With request prioritization, controller requests get processed before regular 
queued up requests, so requests can get processed with up-to-date state.

\[1\] Say a client's MetadataRequest is sitting infront of a controller's 
UpdateMetadataRequest on a given broker's request queue. Suppose the 
MetadataRequest is for a topic whose partitions have recently undergone 
leadership changes and that these leadership changes are being broadcasted from 
the controller in the later UpdateMetadataRequest. Today the broker processes 
the MetadataRequest before processing the UpdateMetadataRequest, meaning the 
metadata returned to the client will be stale. The client will waste a 
roundtrip sending requests to the stale partition leader, get a 
NOT_LEADER_FOR_PARTITION error, and will have to start all over and query the 
topic metadata again.
\[2\] The official definition of data loss in kafka is when we lose a 
"committed" message. A message is considered "committed" when all in sync 
replicas for that partition have applied it to their log.

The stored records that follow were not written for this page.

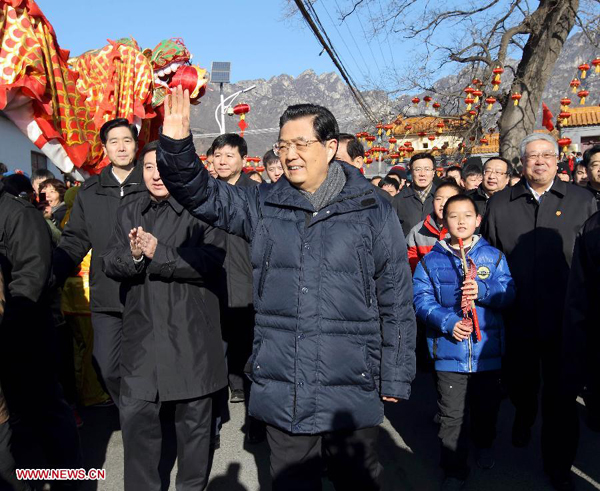 President Hu joins public to celebrate New Year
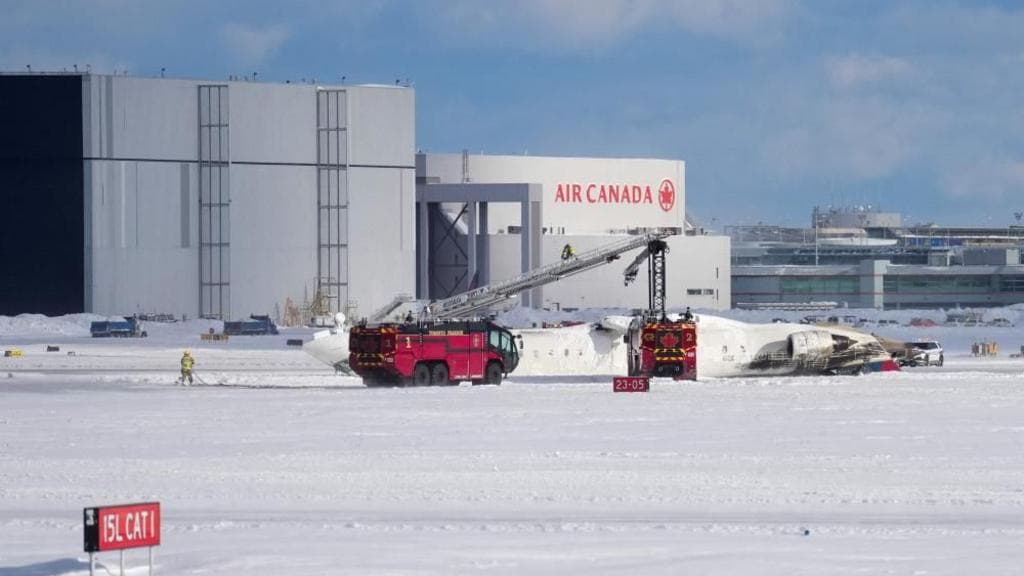 Toronto: Aeroplani rrëzohet në pistë - 15 të lënduar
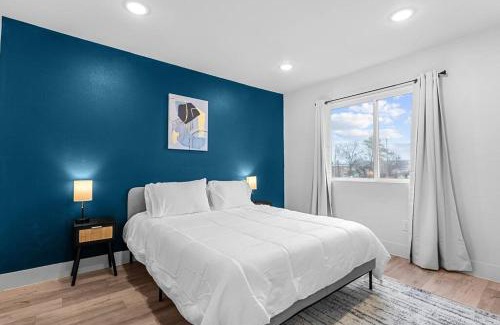Old East Dallas Casa | Stylish 2 bed 1 Mile to downtown Free parking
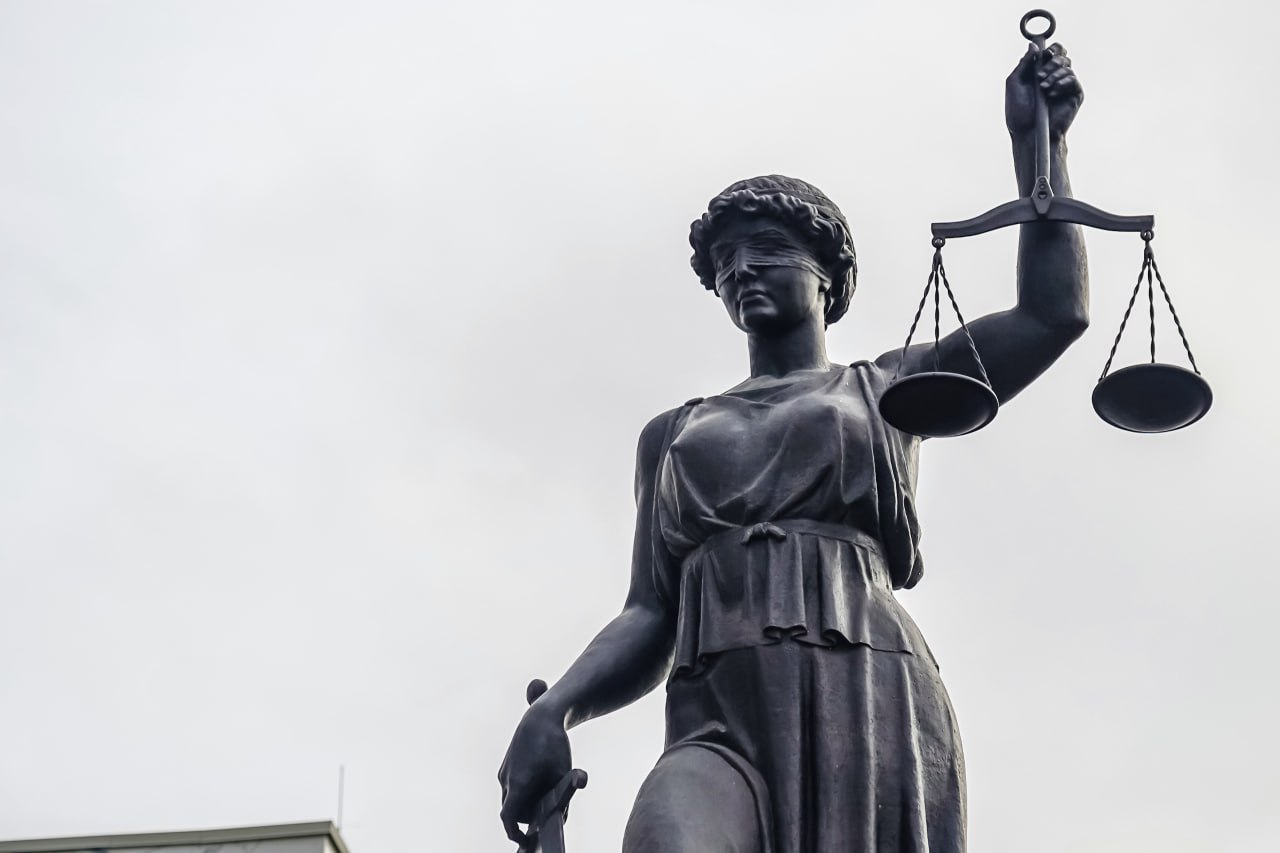 Житель Красноярска обманул соцзащиту на 350 тысяч рублей и попал под суд. Все произошло около двух лет назад, но дело дошло до суда только сейчас. В октябре 2023 года 37-летний безработный обратился в соцзащиту за помощью. Он поделился, что хочет открыть ИП по ремонту автомобилей и купить оборудование – два электроподъемника. В итоге с ним заключили социальный контракт и перечислили 350 тысяч рублей. Однако вместо открытия бизнеса мужчина потратил целевые деньги на покрытие своих текущих расходов. После того, как обман вскрылся, было заведено уголовное дело о мошенничестве при получении выплат. Вот что грозит обвиняемому.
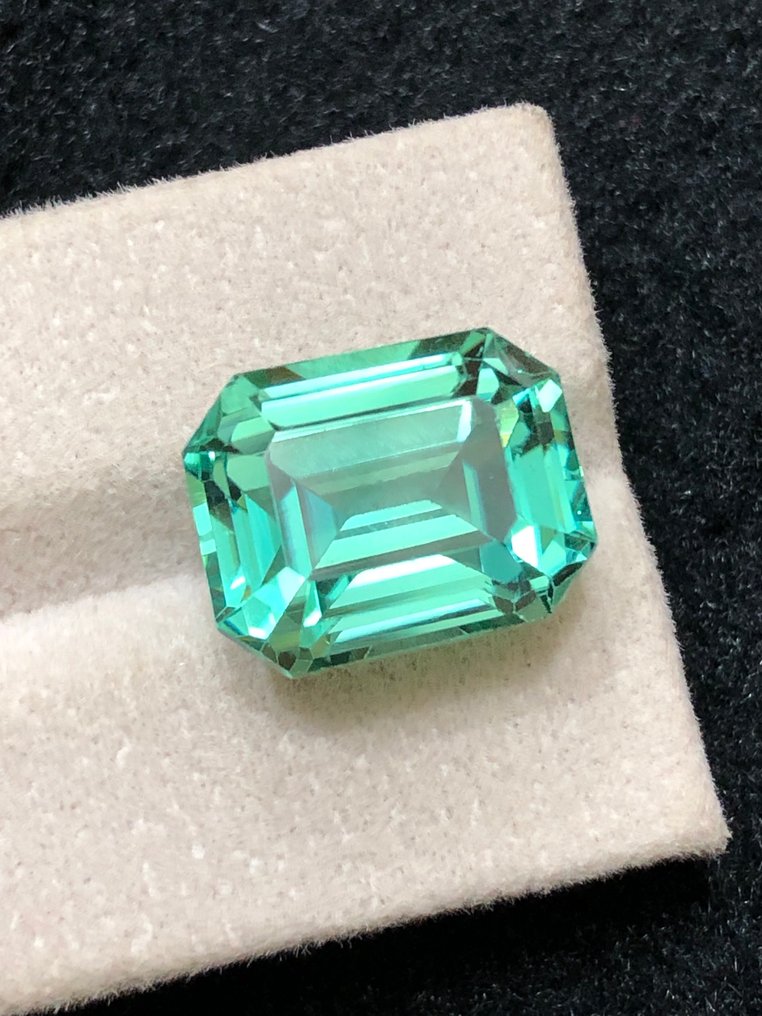 Ingen reservasjonspris - 1 pcs Grønn Hiddenitt - 16.85 ct - Det internasjonale gemologiske institutt (IGI) #1.0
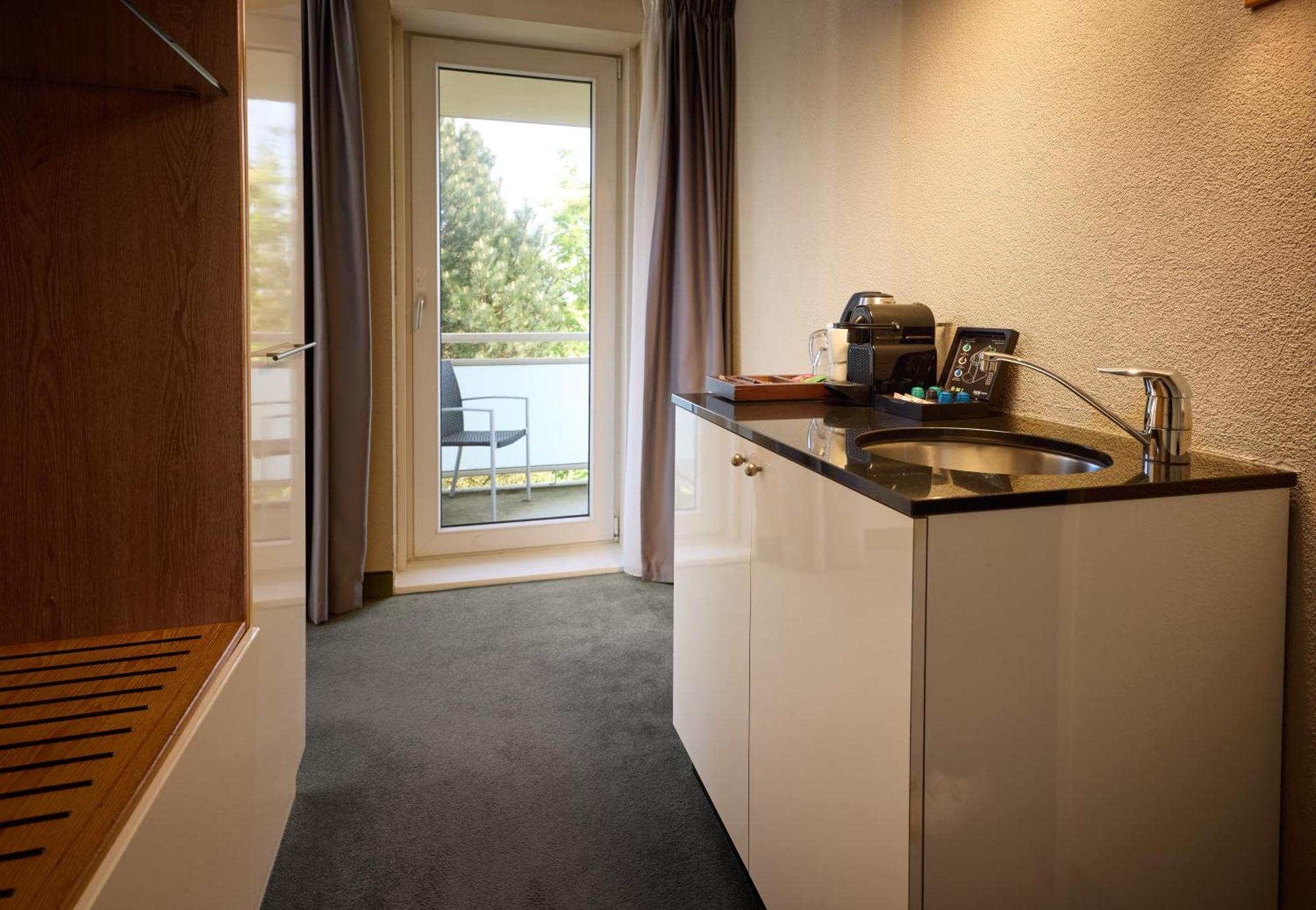 Westcord Hotel Schylge Eksteriør bilde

\[3\] Say a number of ProduceRequests are sitting infront of a controller's 
LeaderAndIsrRequest on a given broker's request queue. Suppose the 
ProduceRequests are for partitions whose leadership has recently shifted out 
from the current broker to another broker in the replica set. Today the broker 
processes the ProduceRequests before the LeaderAndIsrRequest, meaning the 
ProduceRequests are getting processed on the former partition leader. As part 
of becoming a follower for a partition, the broker truncates the log to the 
high-watermark. With weaker ack settings such as acks=1, the leader may 
successfully write to its own log, respond to the user with a success, process 
the LeaderAndIsrRequest making the broker a follower of the partition, and 
truncate the log to a point before the user's produced messages. So users have 
a false sense that their produce attempt succeeded while in reality their 
messages got erased. While technically part of what they signed up for with 
acks=1, it can still come as a surprise.